WHAT THIS TASK INVOLVES:
Write out the listing below character for character, though without its pictures.
=== RECORDED DATA ===
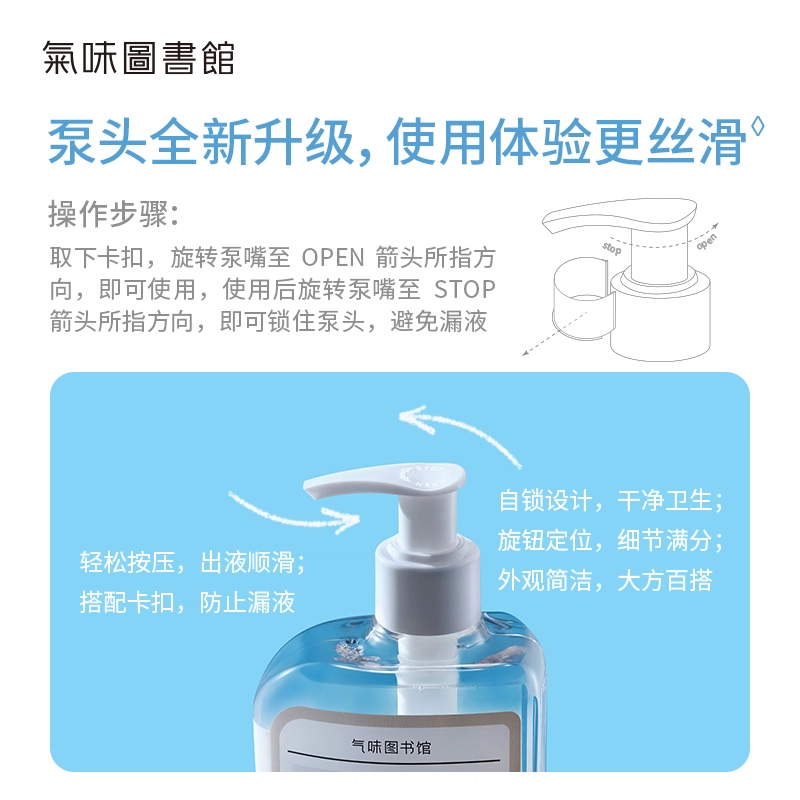 气味图书馆 白衬衫香水+洗护新年限定礼盒 清新持久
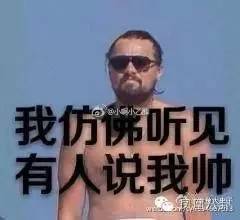 小李子微博不到一天圈粉百万,却要被留言气哭了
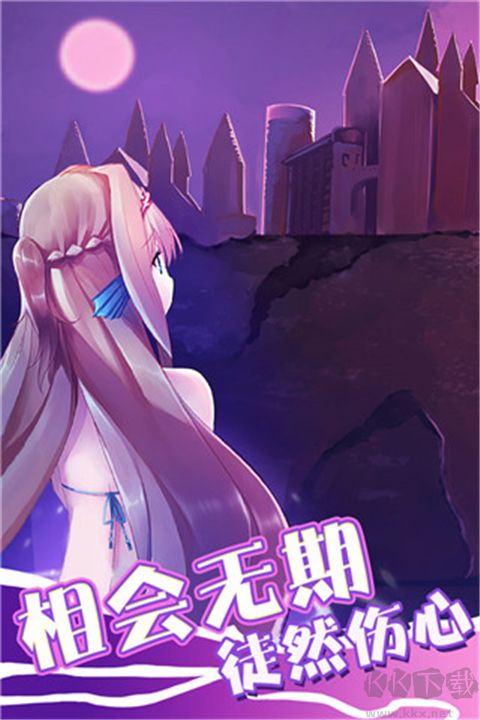美人鱼下载_美人鱼v1.4.4国际版免费app下载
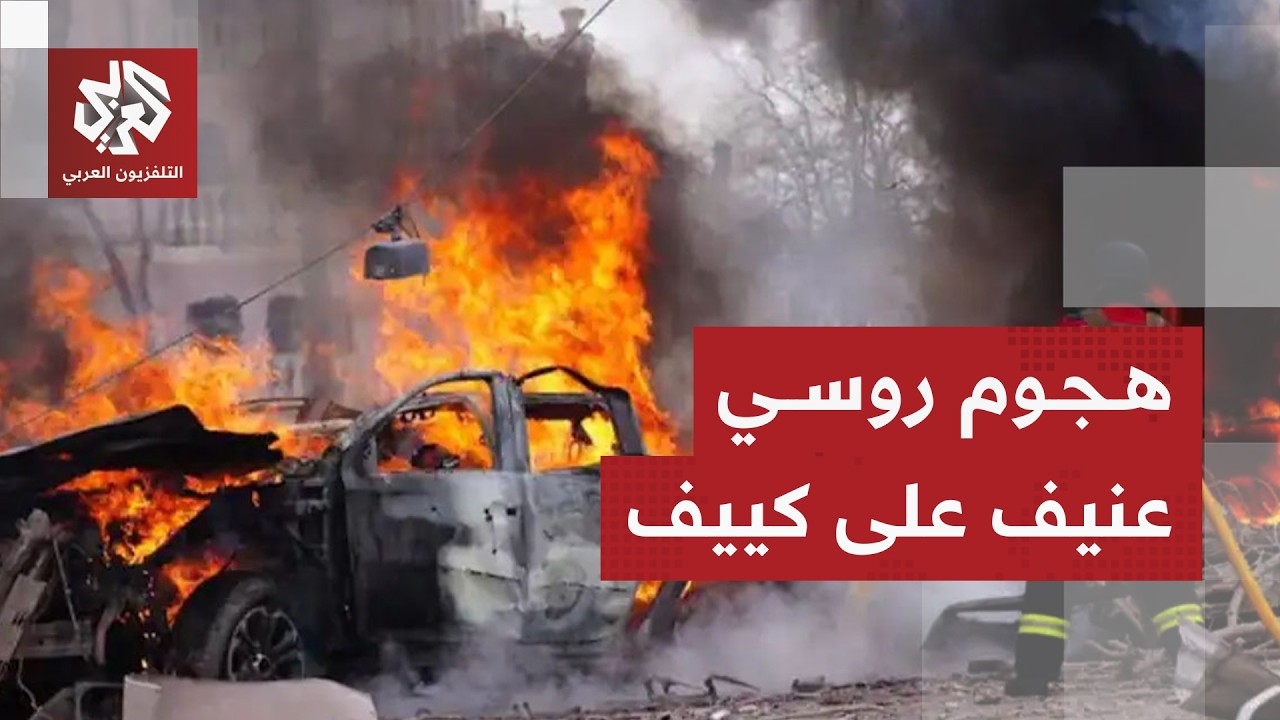 بصواريخ باليستية ومسيرات .. هجوم روسي ليلي واسع على العاصمة الأوكرانية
===
WRITTEN ANSWER:
 气味图书馆 白衬衫香水+洗护新年限定礼盒 清新持久
 小李子微博不到一天圈粉百万,却要被留言气哭了
美人鱼下载_美人鱼v1.4.4国际版免费app下载
 بصواريخ باليستية ومسيرات .. هجوم روسي ليلي واسع على العاصمة الأوكرانية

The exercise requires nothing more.